OS Pembrolizumab is FDA-approved for a subset of patients with microsatellite instability–high or mismatch repair–deficient cancer; sipuleucel-T (Provenge, Dendreon) is approved for use in early-stage disease; and the chemotherapeutic agents docetaxel and cabazitaxel are used in selected patients. The studies of abiraterone and enzalutamide show a clear benefit of these agents either before or after docetaxel. The CARD study, by de Wit and colleagues, examined the use of cabazitaxel in patients with metastatic CRPC who had been pretreated and whose disease progressed after both docetaxel and either abiraterone or enzalutamide.
H&O What are the next steps in adopting PSMA-targeted radiotherapy?
OS The next step is to evaluate 177Lu-PSMA-617, which has been shown to be effective in heavily pretreated patients, in earlier-stage disease. In addition to looking at beta emitters, such as 177Lu, we also need to be looking at alpha emitters. I believe that actinium-225 in particular needs to be looked at carefully. We also need to look at combinations of PSMA-targeted radiotherapy with agents such as PARP inhibitors, to determine whether they have a synergistic effect. This is a brand new therapy, so we have much more work to do to answer all the questions we have.
H&O What are the potential mechanisms of resistance?

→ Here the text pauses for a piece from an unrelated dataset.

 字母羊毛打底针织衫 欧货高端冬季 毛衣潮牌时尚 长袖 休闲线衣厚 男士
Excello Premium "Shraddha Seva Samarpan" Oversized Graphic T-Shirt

OS Lack of PSMA expression is certainly a mechanism of resistance. We also expect tumor cells to be able to learn how to repair their DNA. Another issue is tumor heterogeneity; some cells will make more PSMA than others. Logic tells us that cells with high-level expression of PSMA are going to be more susceptible to PSMA-targeted radiotherapy. Overall, we need to learn a lot more about resistance patterns, drivers of resistance, and differences between primary and secondary resistance, just as we have for platinum and other chemotherapeutic agents. This field is ripe for harvest.

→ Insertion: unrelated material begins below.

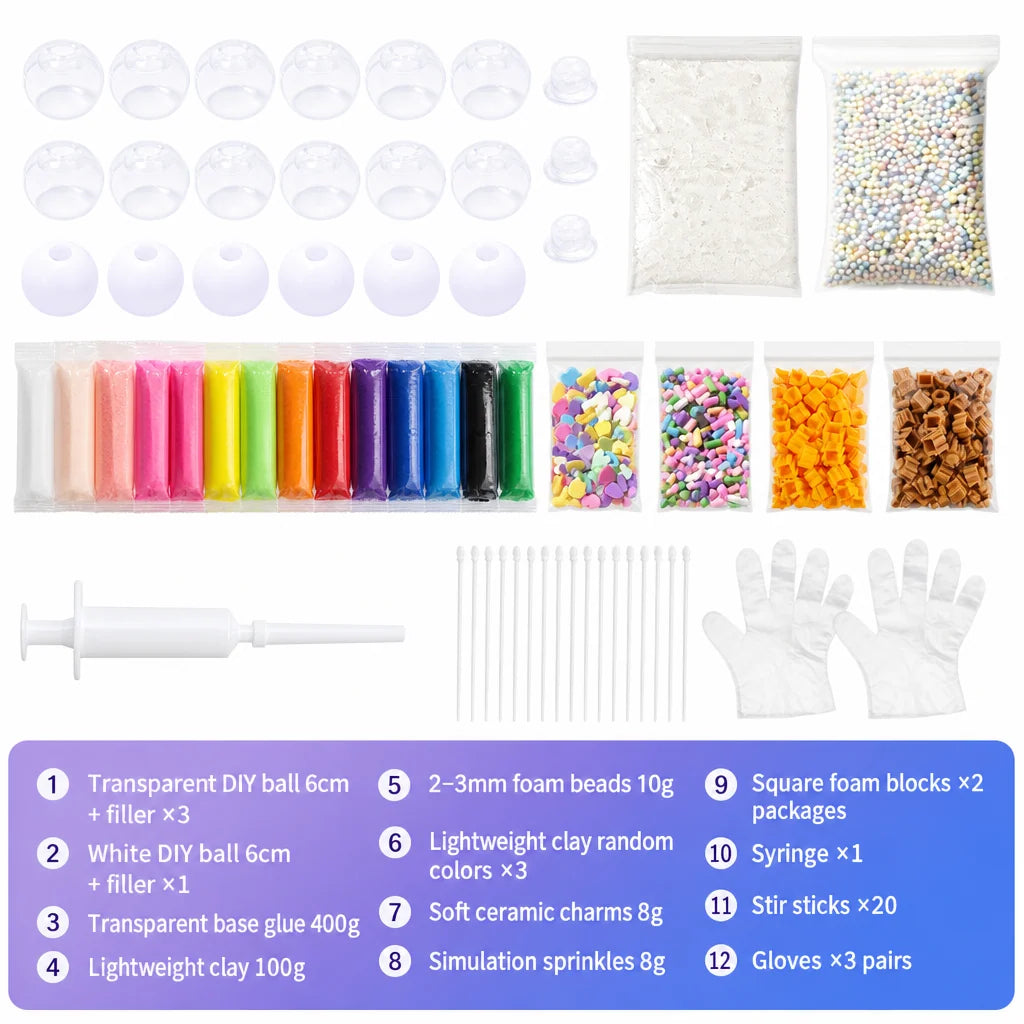 🎨 50% Off Now 🧸 DIY Clay Squeeze Ball Kit — Handmade Stress Relief Fun for Kids ✨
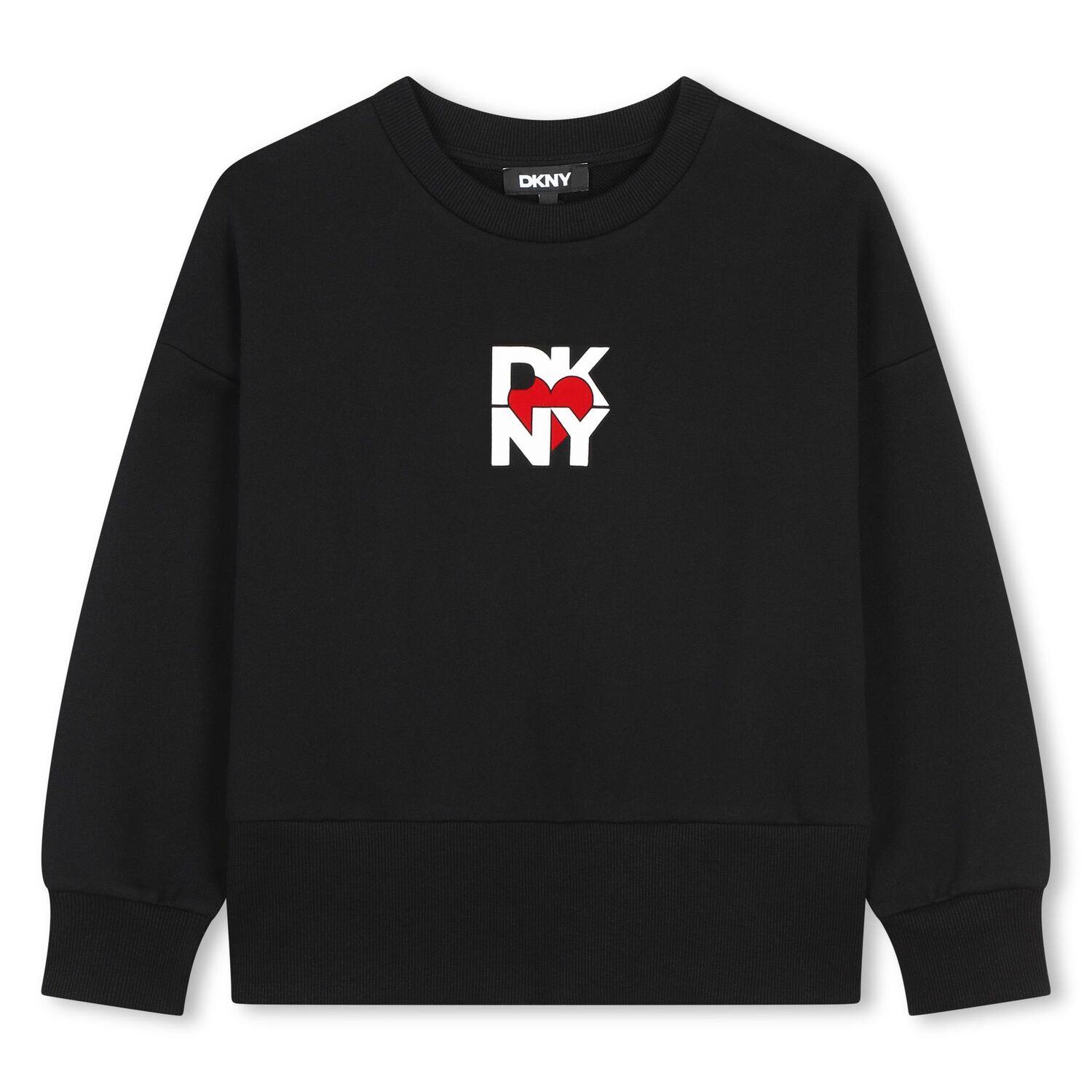 Girls Black Logo Sweatshirt, 1, hi-res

H&O What other studies are looking at PSMA-targeted radiotherapy?
OS Ongoing phase 3 trials looking at the use of PSMA-targeted radiotherapy are PSMAfore, which is now accruing patients (NCT04689828), and a logical extension to the VISION study, PSMAddition (NCT04720157). PSMAfore, which is comparing optimal hormone therapy plus or minus 177Lu-PSMA-617, is studying patients with metastatic CRPC who have been treated with novel hormones but have yet to receive chemotherapy. In contrast, all patients in the VISION study were required to have had chemotherapy before treatment. PSMAddition is bringing 177Lu treatment into the upfront space in castration-sensitive disease.

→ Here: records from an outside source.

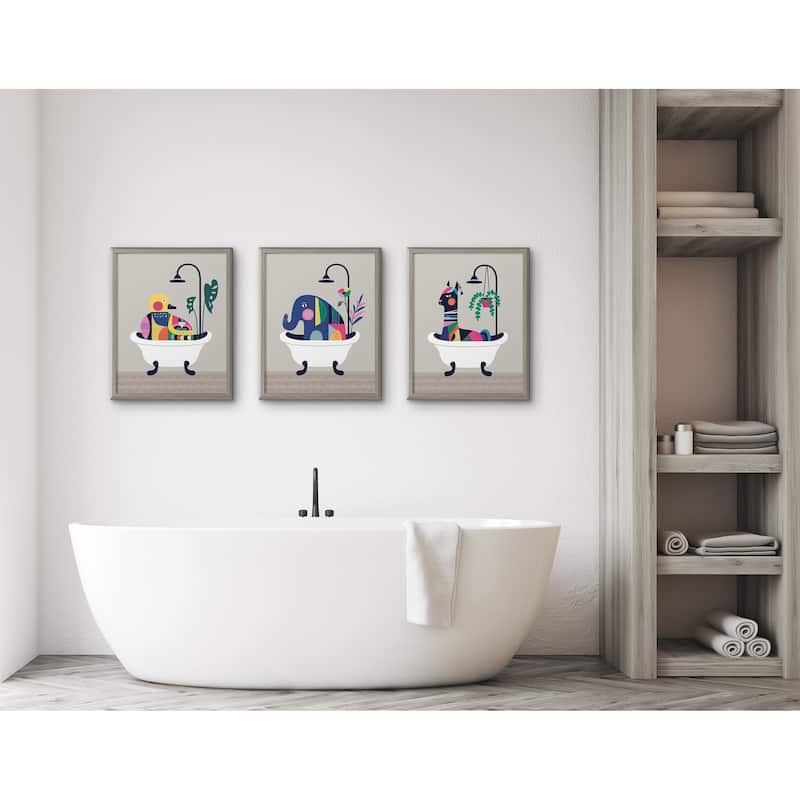 Kate and Laurel Blake Mid Century Modern Duckie in the Tub Framed Printed Glass by Rachel Lee of My Dream Wall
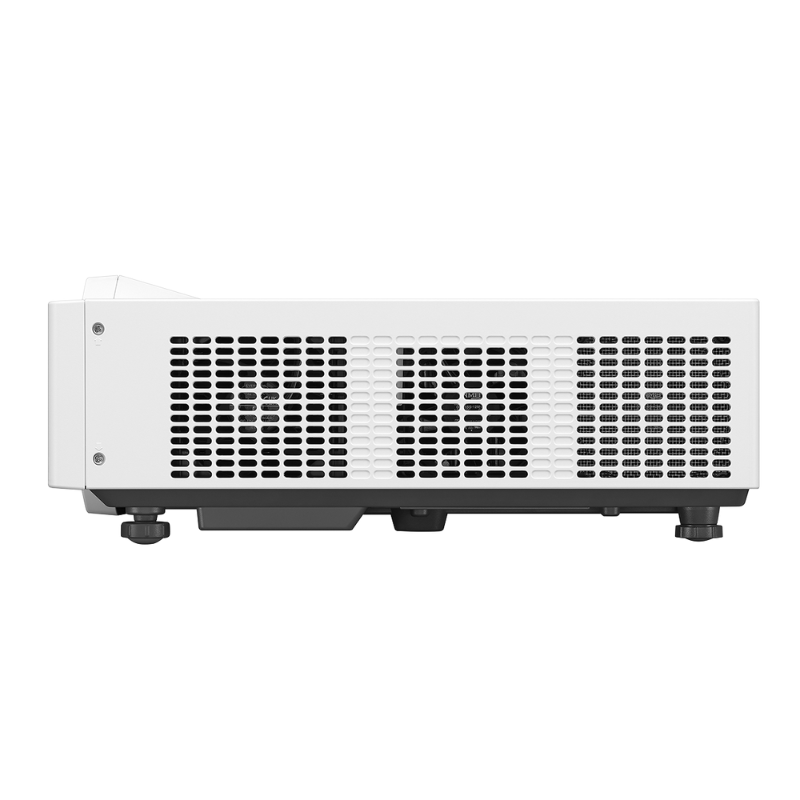 Panasonic PT-VMZ6STU7 6200-Lumen WUXGA Short Throw Golf Simulator Projector right side view.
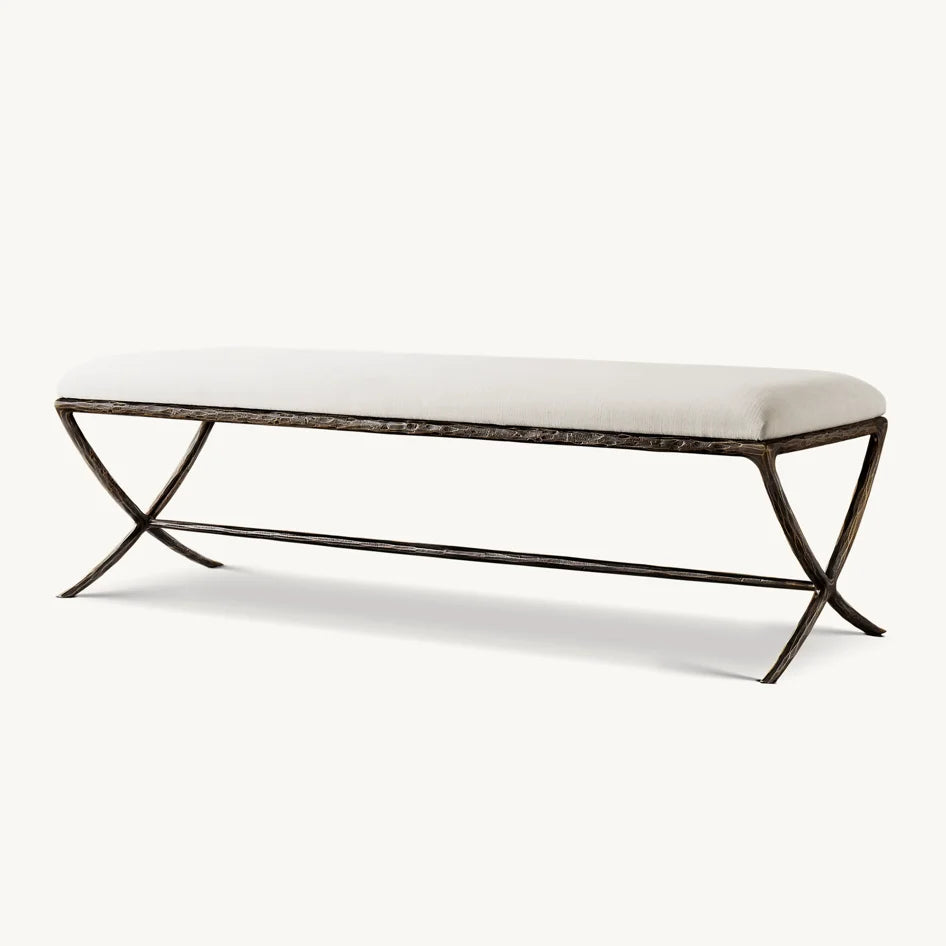 Contemporary Bedroom Bench – Hand-Forged Metal X-Base Fabric Seat – Italian Style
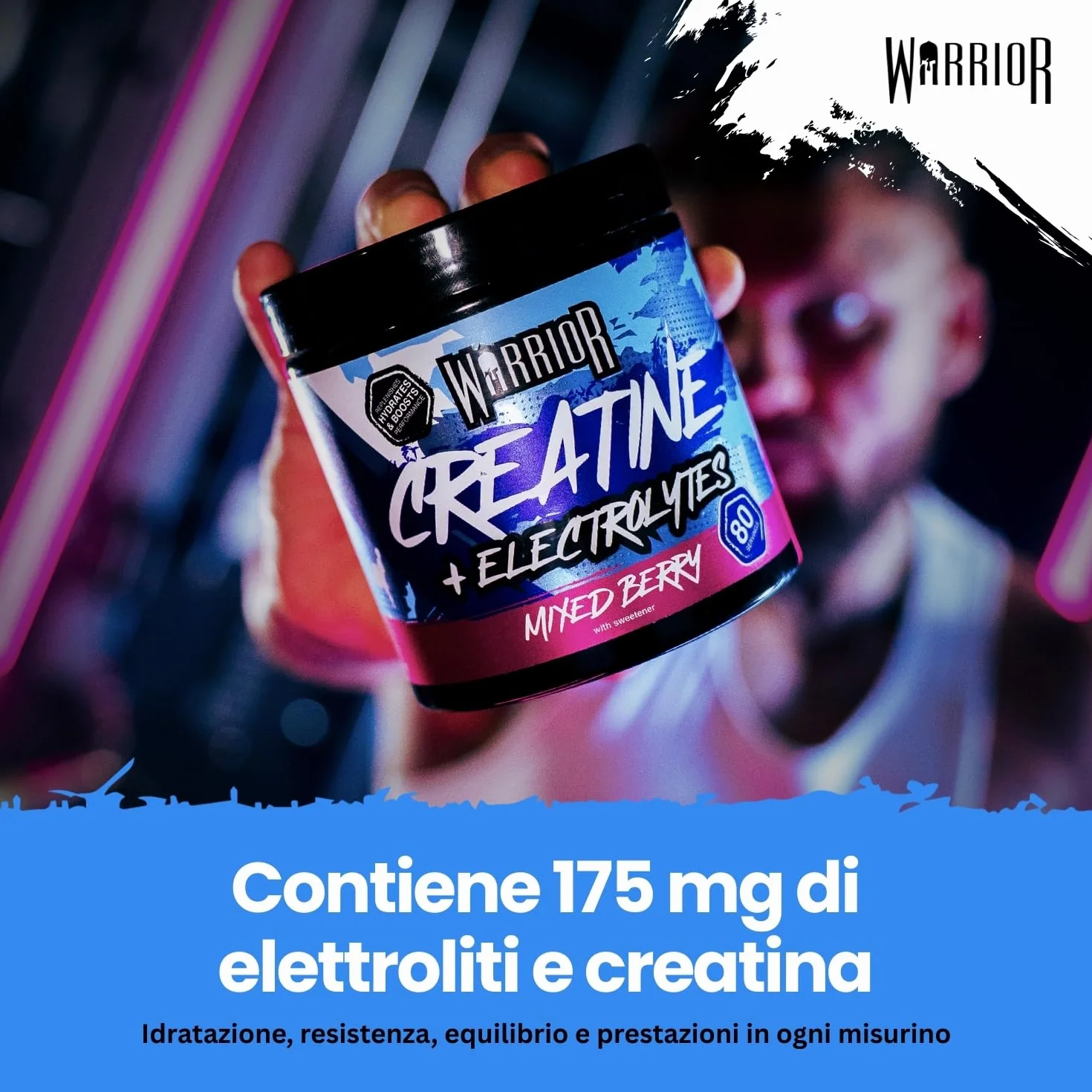 Warrior Creatina Monoidrata + Elettroliti Polvere 360 g, 80 Porzioni – Creatina in Polvere con Sali Minerali, Intra Workout per Massa, Idratazione e Sport, Senza Zucchero – Mix di Frutti di Bosco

POINT Biopharma has announced a phase 3 trial (NCT04647526) to evaluate a treatment in which its compound, called PSMA I & T or PNT2002, is bound to 177Lu (177Lu-PNT2002 PSMA therapy). The design of this trial will be similar to that of PSMAfore.
Disclosures
Dr Sartor has done consulting for Advanced Accelerator Applications, Astellas, AstraZeneca, Bayer, Blue Earth Diagnostics, Bavarian Nordic, Bristol Myers Squibb, Clarity Pharmaceuticals, Clovis Pharmaceuticals, Constellation Pharmaceuticals, Dendreon, EMD Serono, Fusion Pharmaceuticals, ITM Isotopen Technologien Muenchen, Janssen, Myovant Sciences, Myriad Genetics, Noria Therapeutics, Novartis, Noxopharm, Progenics Pharmaceuticals, POINT Biopharma, Pfizer, Sanofi, TeneoBio, Telix Pharmaceuticals, and Theragnostics; and has received grants or research support from Advanced Accelerator Applications, AstraZeneca, Bayer, Constellation, Endocyte, Invitae, Janssen, Merck, and Progenics Pharmaceuticals.
Suggested Readings
de Wit R, de Bono J, Sternberg CN, et al; CARD Investigators. Cabazitaxel versus abiraterone or enzalutamide in metastatic prostate cancer. N Engl J Med. 2019;381(26):2506-2518.
Parker C, Nilsson S, Heinrich D, et al; ALSYMPCA Investigators. Alpha emitter radium-223 and survival in metastatic prostate cancer. N Engl J Med. 2013;369(3):213-223.
Sartor O, de Bono J, Chi KN, et al; VISION Investigators. Lutetium-177-PSMA-617 for metastatic castration-resistant prostate cancer [published online June 23, 2021]. N Engl J Med. doi:10.1056/NEJMoa2107322.